Purtroppo però dalla teoria alla pratica il passo è spesso lungo e basta salire in alto su una collina per rimanere agghiacciati. Le foreste finiscono al confine della riserva indigena, anche un poco prima a dire il vero, subito oltre è terra bruciata. Ci sono le vacche e le distese infinite di ananas e banane. Carne e frutta esotica per i mercati europei e statunitensi, dove i ragazzi indigeni che vogliono guadagnare qualche soldo per studiare lavorano come schiavi. I pesticidi, di cui il Costa Rica è uno dei maggiori consumatori al mondo, vengono spruzzati con piccoli aerei e arrivano anche nel profondo della foresta, uccidendo piante e animali e avvelenando l’acqua. Il fiume invece, il Rio Barbilla da cui i Tolok tsakú dipendono da generazioni, è assediato dalla pesca illegale e dalle ruspe che a valle scavano tonnellate di sabbia e ghiaia per farne cemento.

Jesus, che qui è nato è cresciuto e del fiume conosce ogni segreto, racconta:

“I pesci che per millenni sono vissuti qui e i gamberi giganti non riescono a passare là dove ci sono le ruspe e a risalire la corrente come hanno sempre fatto. Quante specie che io ricordo ora non ci sono più… Il pesce diavolo invece continua ad aumentare e mangia tutto”

Il pesce diavolo è la specie invasiva perfetta, che agevolata dal clima che cambia e dagli eventi estremi che le permettono di diffondersi con maggior velocità nei bacini di acqua dolce sta devastando il Centro America. Qui per contrastarla i ragazzi del villaggio passano le notti a pescare questo terribile predatore pur non potendolo mangiare. E lo fanno a mani nude. A mani nude contro un clima che cambia, tra siccità che distruggono le piccole coltivazioni e lasciano senz’acqua le comunità più distanti dal fiume e le alluvioni che spazzano via le case di legno e paglia. A mani nude contro chi saccheggia le foreste cercando balsa, cedro e caucciù, contro chi caccia e pesca illegalmente e non esita a usare la violenza per continuare a farlo. A mani nude contro i narcotrafficanti che qui si nascondono dalla legge e bruciano e uccidono. A mani nude contro un sistema che misura il valore di una cultura, di un popolo solo in termini di denaro. A mani nude contro il colonialismo culturale dell’Occidente, che si manifesta nelle forme più subdole.

 

Eppure le leggi nazionali e internazionali almeno qui ci sono, esistono e sono riconosciute: come la Convenzione 169 dell’Organizzazione internazionale del lavoro, che entrata in vigore nel 1991 e ratificata da venti Paesi tra cui il Costa Rica garantisce la tutela dei popoli indigeni attraverso la salvaguardia della sicurezza delle persone e delle proprietà, oltre a garantire la loro partecipazione in qualsiasi decisione che riguardi le loro terre. Il punto ora è farle applicare prima che sia troppo tardi.

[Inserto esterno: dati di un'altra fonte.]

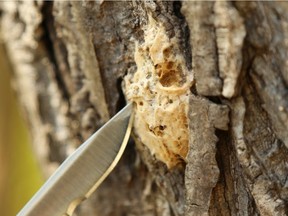 Gypsy moth egg masses at Elmhurst Forest in Ottawa on May 12, 2021.

Assignment 135649

Jean Levac/Ottawa Citizen



ORG XMIT: 135649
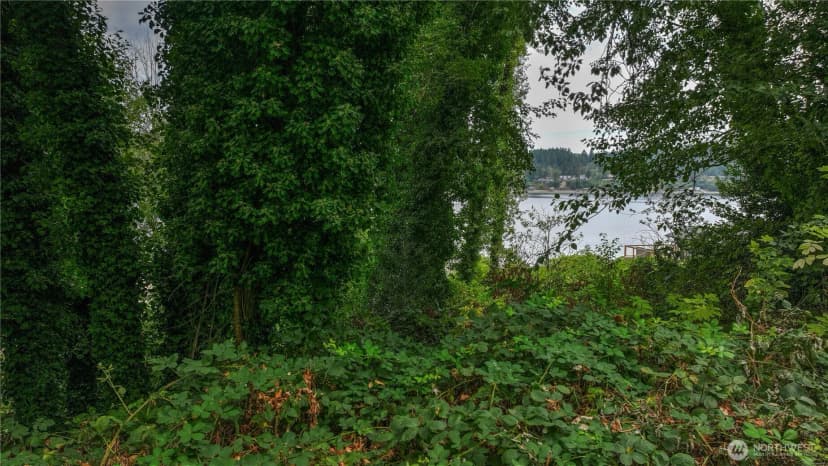 Property photo for 2415 48th Avenue Nw, Gig Harbor photo 23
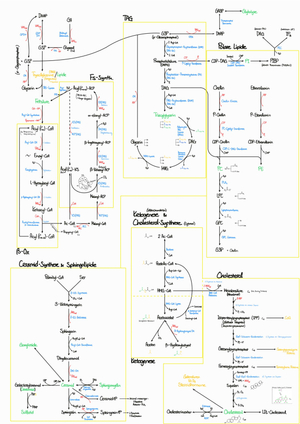 Hersberger (Nur Reaktionen!)
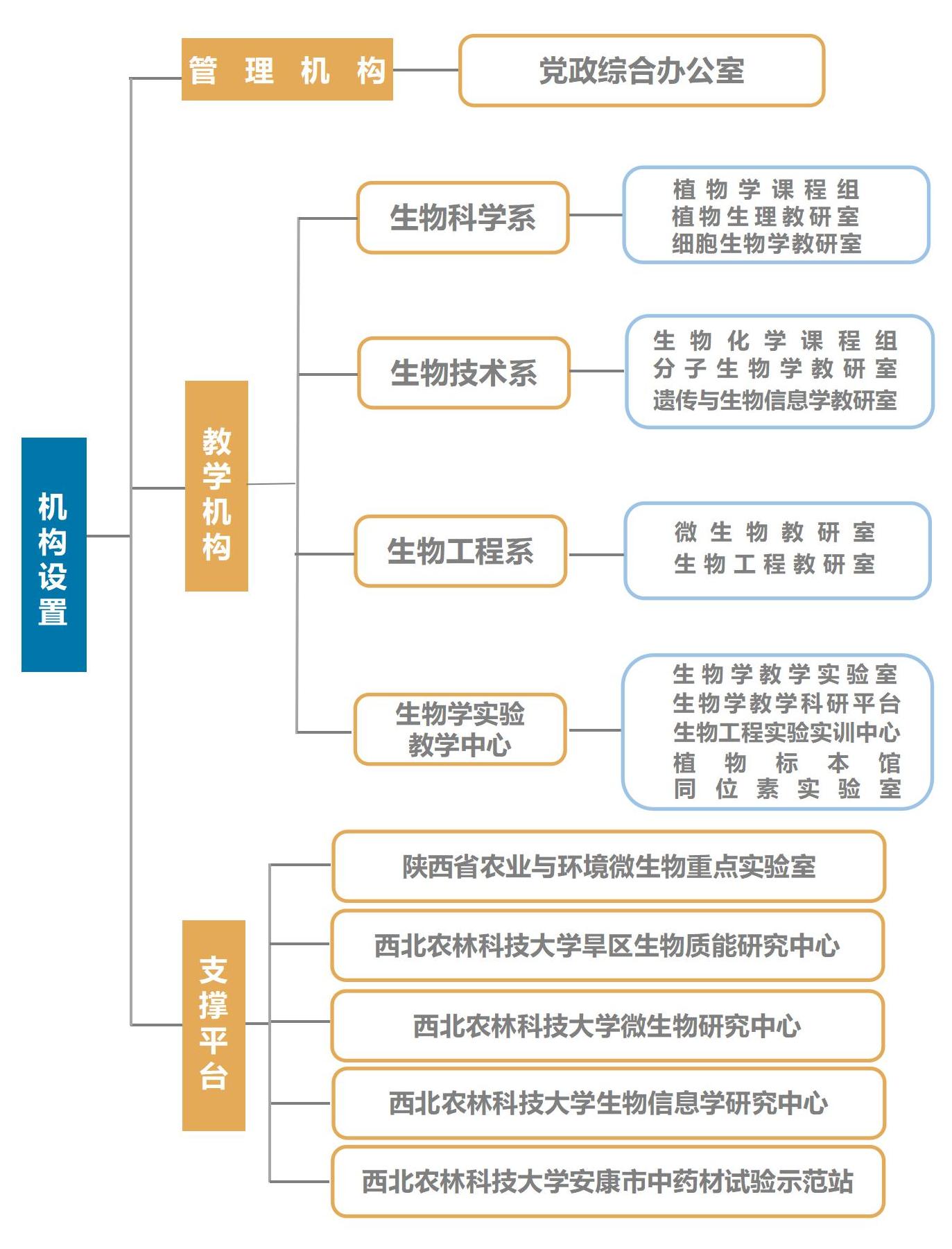 公司组织机构20231211_01.jpg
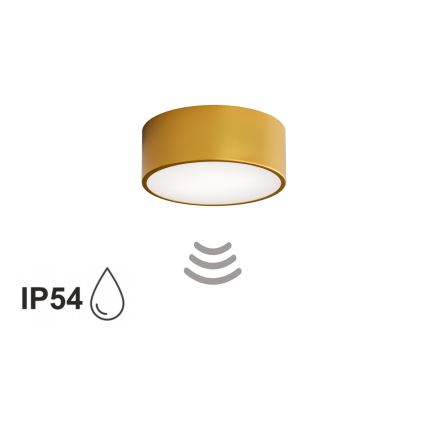 Badeværelsesloftlampe med sensor CLEO, 1xE27/24W/230V, Ø 20 cm, IP54, guld
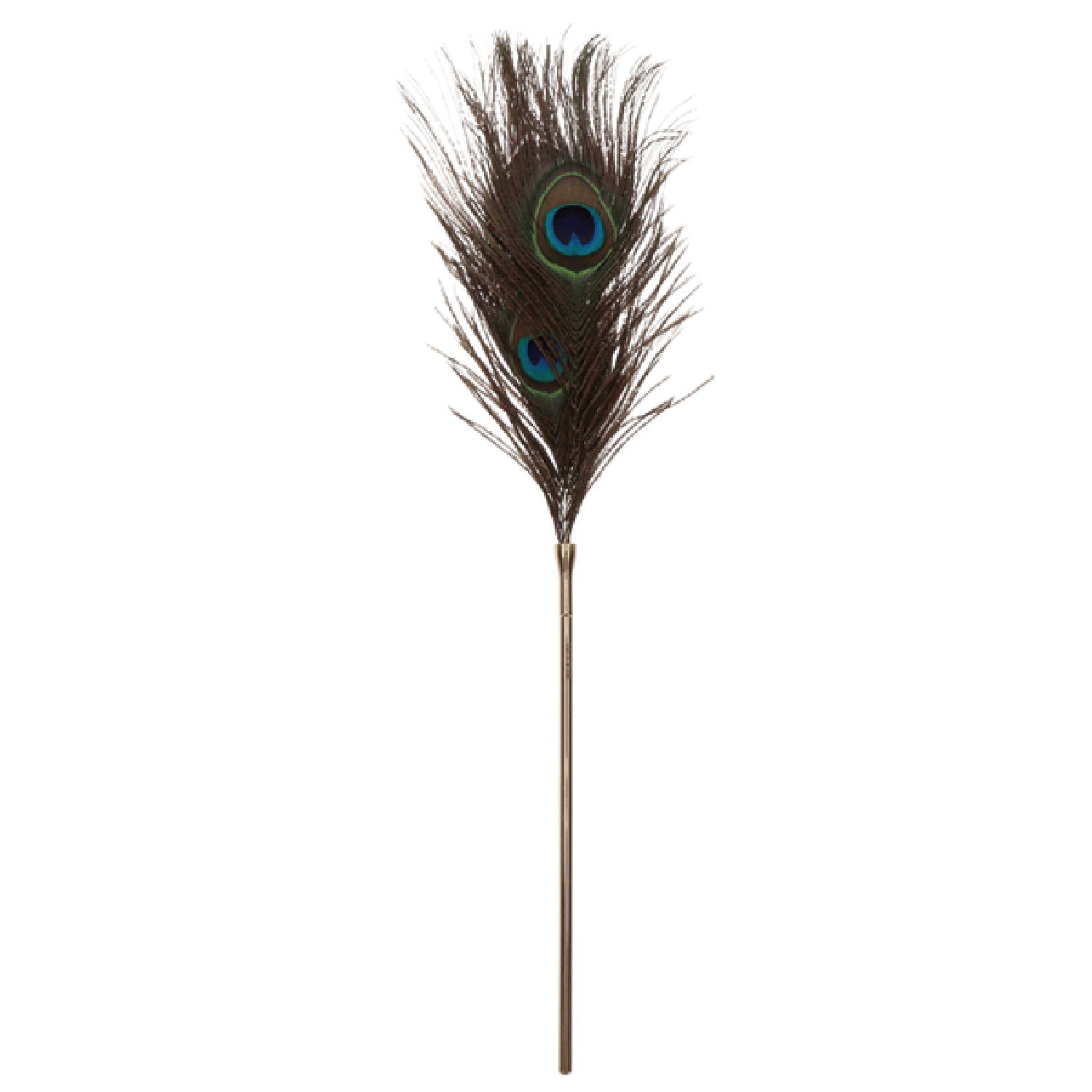 Taboom Dona Peacock Tickler – Elegant Feather Sensation Toy > Bondage Gear > Ticklers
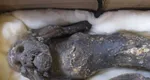 Cum arată mumia veche de 300 de ani care le dă bătăie de cap cercetătorilor. După trei secole nu i-au identificat originile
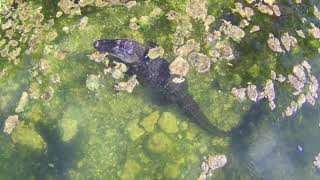 drone SURVIVES American Alligator in the Florida Keys [upl. by Lombardo]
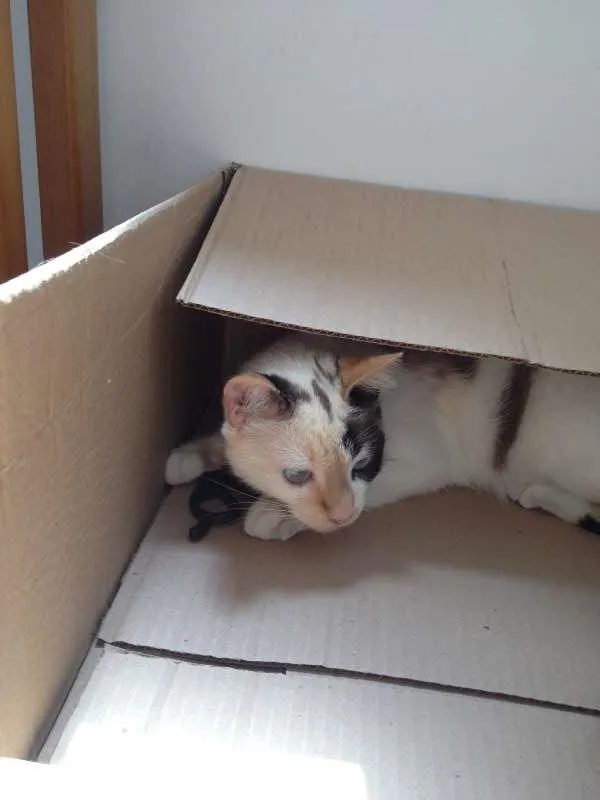 Gato raça Siamesa - mistura idade 1 ano nome Penélope Charmosa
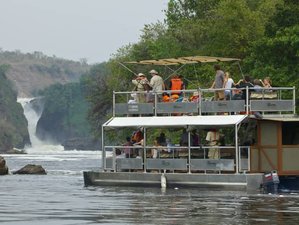 3 Day Wild Encounter Murchison Falls National Park Safari in Uganda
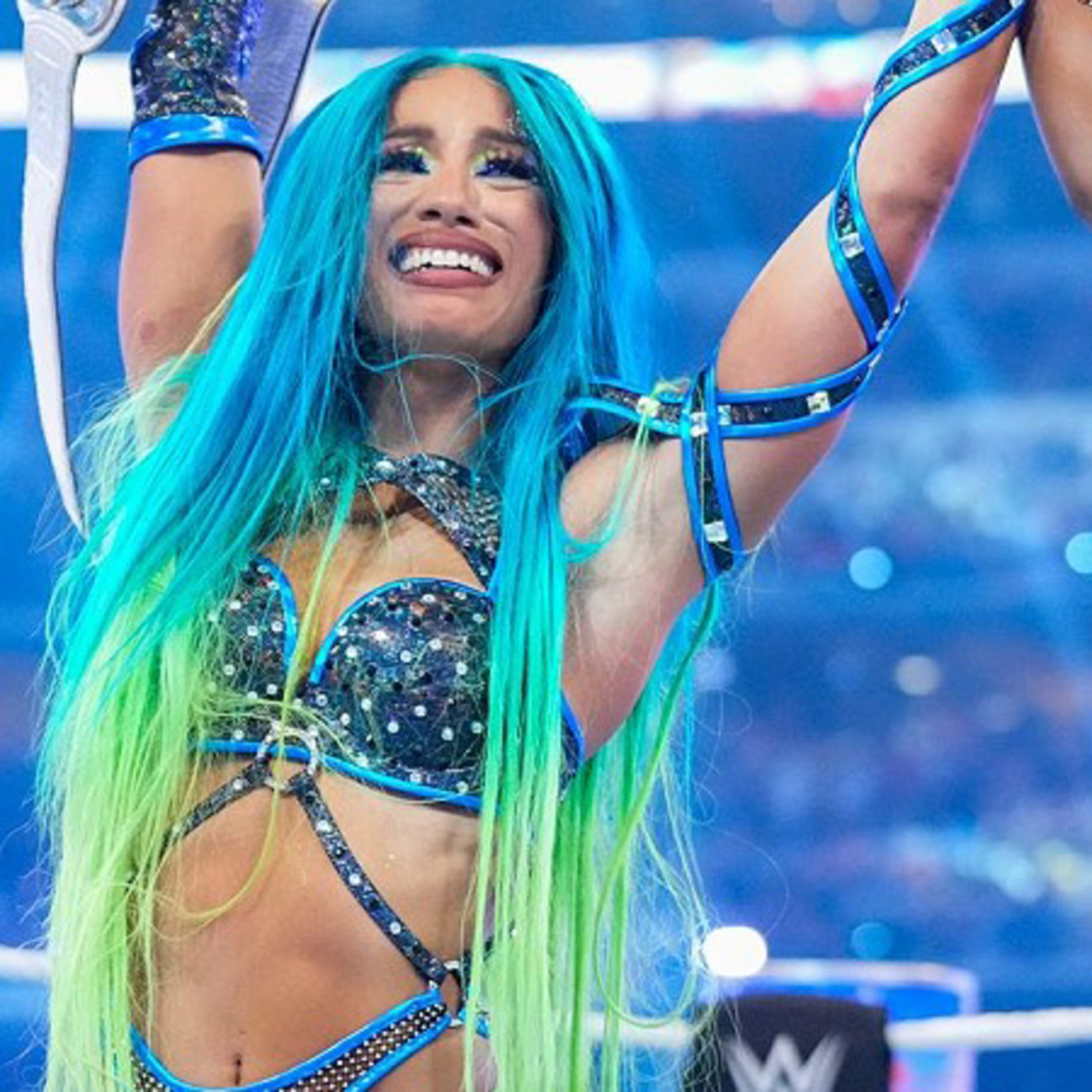Berita wrestling Update soal sasha banks dan naomi, Update card dari Double Or nothing episode artwork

“Vengono a spiegarci come si tutela la natura, ma noi della natura ci siamo sempre presi cura” dice Sara Madriz, della comunità Tolok tsakú e presidentessa dell’Associazione dei giovani Nairi Awari.

Questa è la nostra identità, il nostro modo di vivere. Noi siamo natura. Solo che adesso, dopo aver distrutto la vostra terra, venite a prendere la nostra. Noi continuiamo a lottare per esistere. Resistiamo per difendere queste foreste e questa acqua, che è di tutti.

Sara Madriz

Resistono, nelle mani forte temprate dal lavoro e dall’amore, nello spirito libero e fiero, nel fuoco che brucia negli occhi di chi non si arrende.

Ma per quanto ancora?

Nel cielo le stelle cadono e il pericolo è ben più grande del morso letale del cobra.